Act of Contrition
It’s been almost five months since my last confession.
Forgive me Father for I have sinned… apparently we don’t actually have to say that, nor do we start with the Act of Contrition. I forget how to say the Act of Contrition, I inform him. The priest chuckles. “Everyone always wants to start with that,” he says. “But we don’t actually say it until the end.”

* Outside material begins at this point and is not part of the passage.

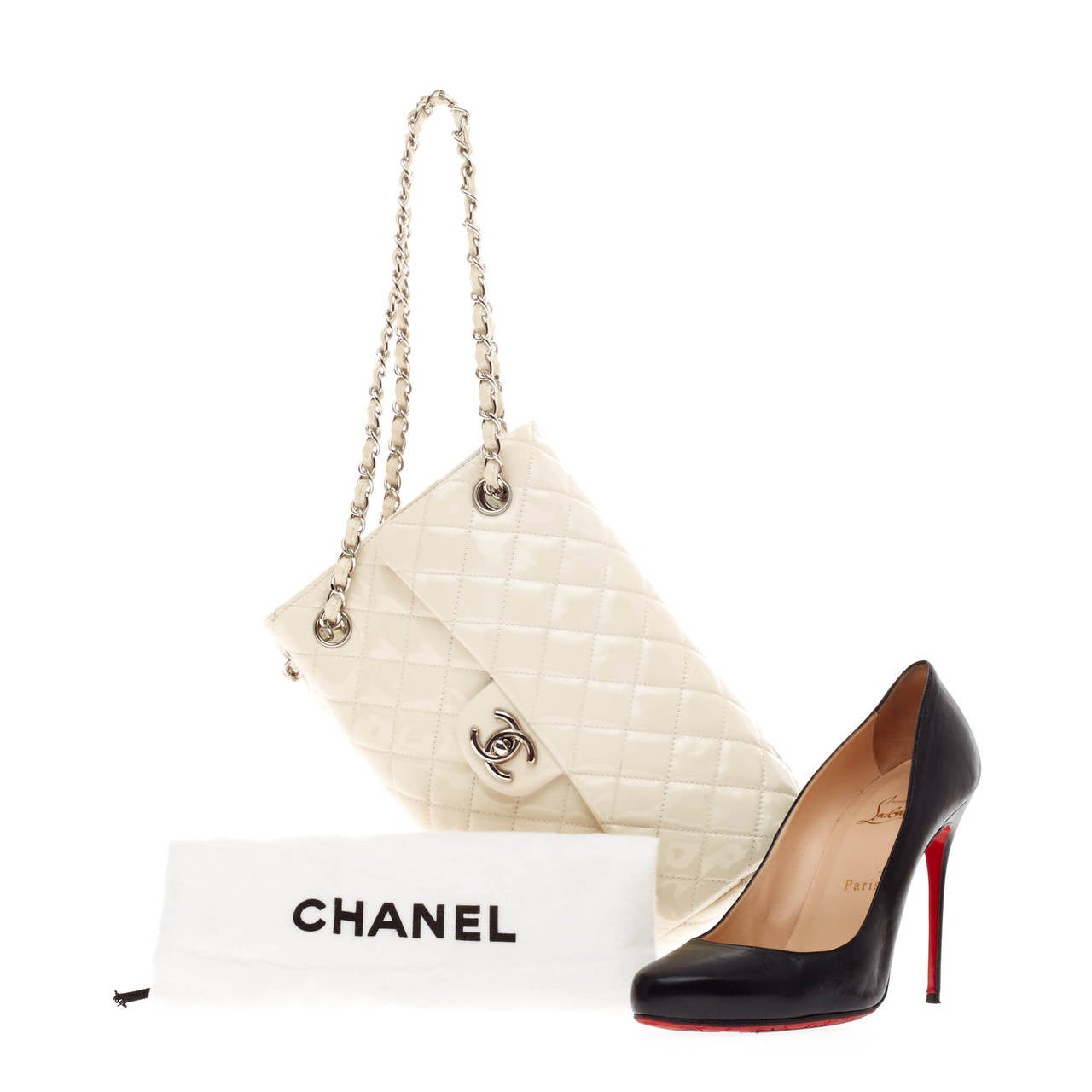 This authentic Chanel Upside Down Flap Bag Quilted Patent showcased in Chanel's Spring 2009 collection is designed as classic flap bag with a whimsical twist. Crafted from shiny white patent leather, the bag's leather woven-in straps are turned on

The church isn’t crowded, but in the quiet of Adoration every noise is amplified. I’m not sure what to do with my keys, and as I pick them up the sound seems to reverberate throughout the space. How funny. The simple act of tossing my keys, a noise which I almost never register, and here and now it is so loud. The woman on my right “Your keys are making so much noise.” Her child is behind me humming a song and clucking her tongue. I’m annoyed, but I’ve decided I like the woman. I’m not annoyed at her, but at the wait. It’s Thursday night confession. I don’t want to spend my whole evening here. I was here by 7:15. The priest has seen a grand total of three people since I got here, and a fourth is in the confessional right now, over an hour later. I can’t focus.
The Eucharist is prominently displayed in front of me. I try my hand at prayer, “God, please envelop me in your love;” a prayer someone told me I should pray to move on. It goes from insincere lips to ever gracious ears. While the intent itself is true, I’m not into praying at this moment. I am focused on how I have to go to the bathroom. On the fact that I’ve had to wait for over an hour to confess two minutes worth of sins. What the heck did these other people do?
The woman on my left is texting. Her nails are long and blue and chipped. She’s texting someone named Daniel. Wearing a wedding ring. Probably her husband. The man behind me lets out an exasperated sigh at the length of time we have all had to wait. I feel you, man. The little girl making noise is actually quite beautiful, with big brown eyes. Dressed all in pink. Her sneakers are emblazoned with a character from some children’s TV show I don’t know. I sit here and ponder the child’s sneakers, whether or not these glittered purple shoes provide any real support. I imagine her running on the playground. Her mother is not wearing a wedding ring. Because the child is here with her and not at home I wonder if perhaps there is no father in the picture. What happened there? Was the child a “mistake” that she is now eternally grateful for? Is she widowed? If I have children and my husband dies will I one day cease to wear my ring?
She comments on a ring I am wearing, “Where did you get that?”
“It’s a gift from my mother,” I say.
“In my country we have lots of designs like that. I was wondering where it is from.”
“Where is your country?” I ask.
And now I am thinking about “my country,” about how that used to be something I could say. My Country. But I am in my country now. I am American. And presumably this woman is here to stay too. At what point does my country become this country, become our country? Or does it become home but never home?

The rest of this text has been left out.